- [SUPPLIED DATA]:
○ ○ ○ ○ ○ ○ ○
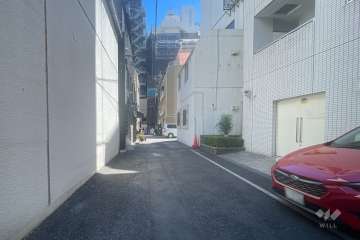 敷地北東側の前面道路
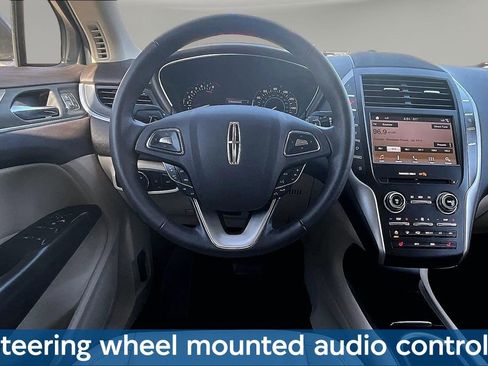Used 2019 Lincoln MKC Premiere FWD image 9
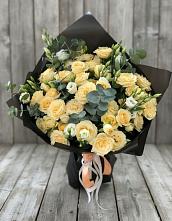 Букет цветов из:  Розы и Лизиантусы в Подлесном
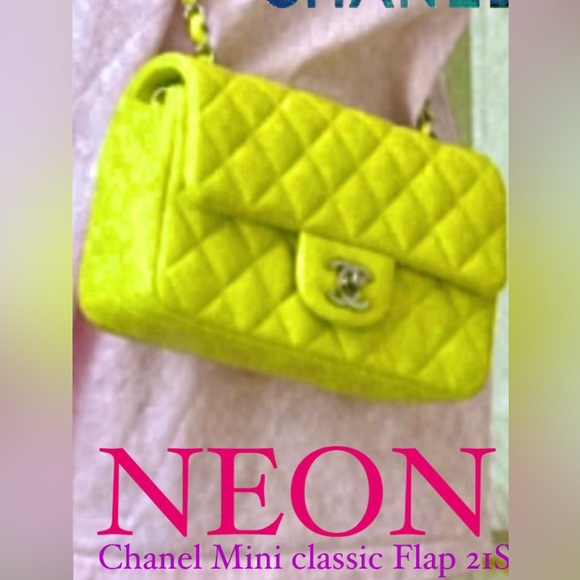 Chanel - Picture 3 of 16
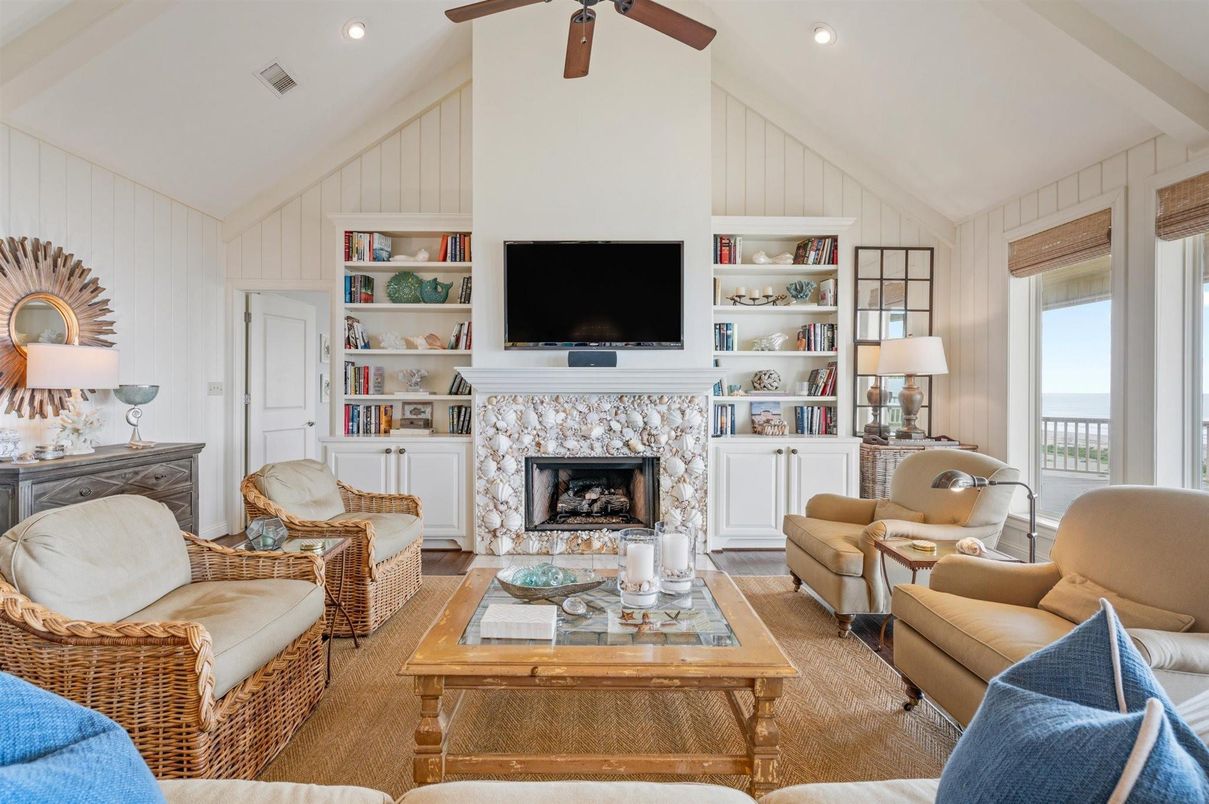 Fireplace, Interior, Living room, Recessed Lighting, Water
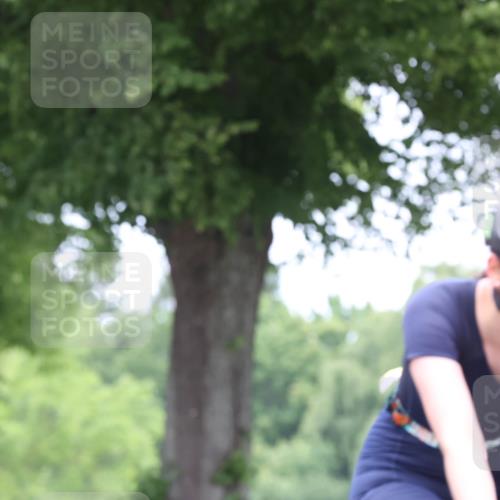 15.06.2025 - 7 Türme Triathlon Yannick Fuchs http://msf.ph/oto/8054059 15.06.2025 13:48:50 Radfahren  meine-sportfotos.de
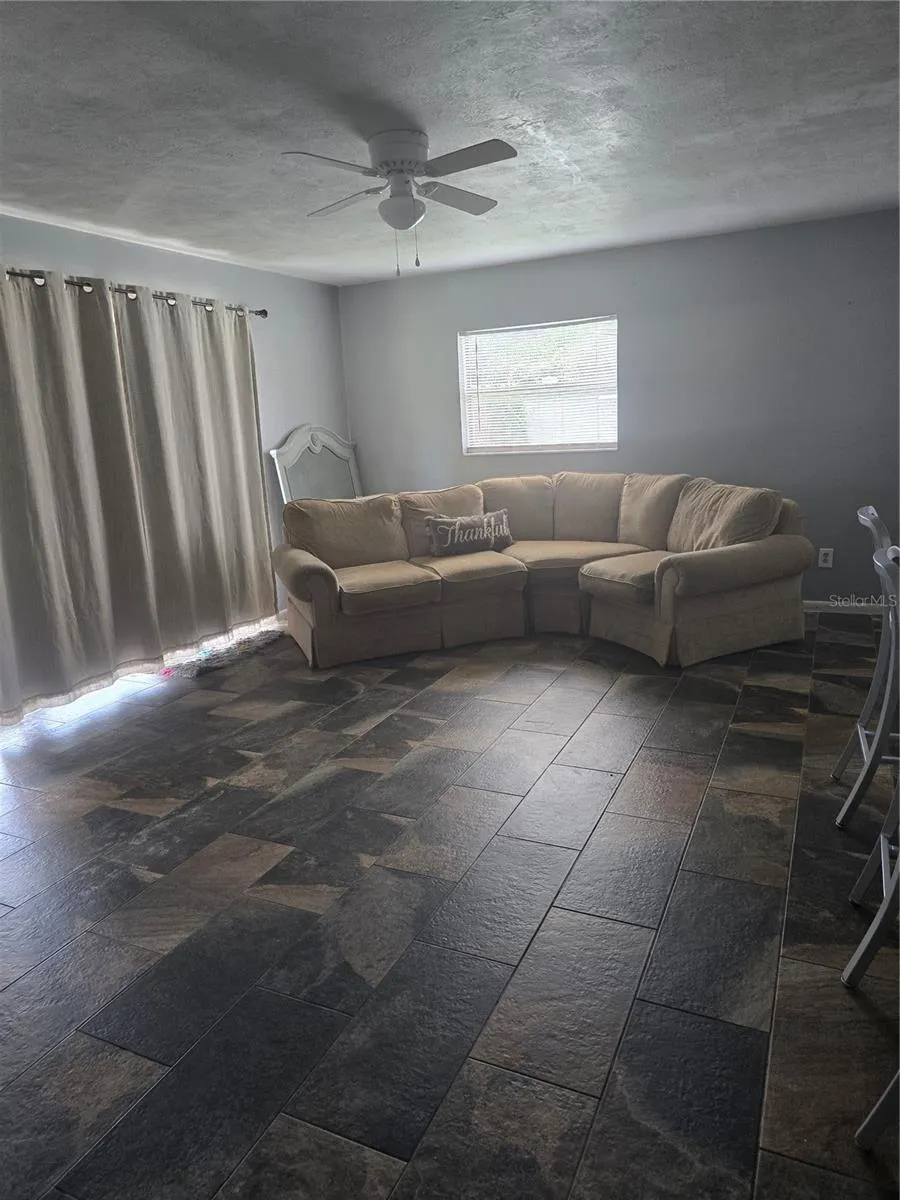 1218 LORIE CIRCLE Brandon, FL 33510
○ ○ ○ ○ ○ ○ ○
- [WHAT IS BEING ASKED]: Word for word, output the whole listing, but not its pictures.

- [TASK SOLUTION]:
 敷地北東側の前面道路
Used 2019 Lincoln MKC Premiere FWD image 9
 Букет цветов из:  Розы и Лизиантусы в Подлесном
 Chanel - Picture 3 of 16
 Fireplace, Interior, Living room, Recessed Lighting, Water
 15.06.2025 - 7 Türme Triathlon Yannick Fuchs http://msf.ph/oto/8054059 15.06.2025 13:48:50 Radfahren  meine-sportfotos.de
 1218 LORIE CIRCLE Brandon, FL 33510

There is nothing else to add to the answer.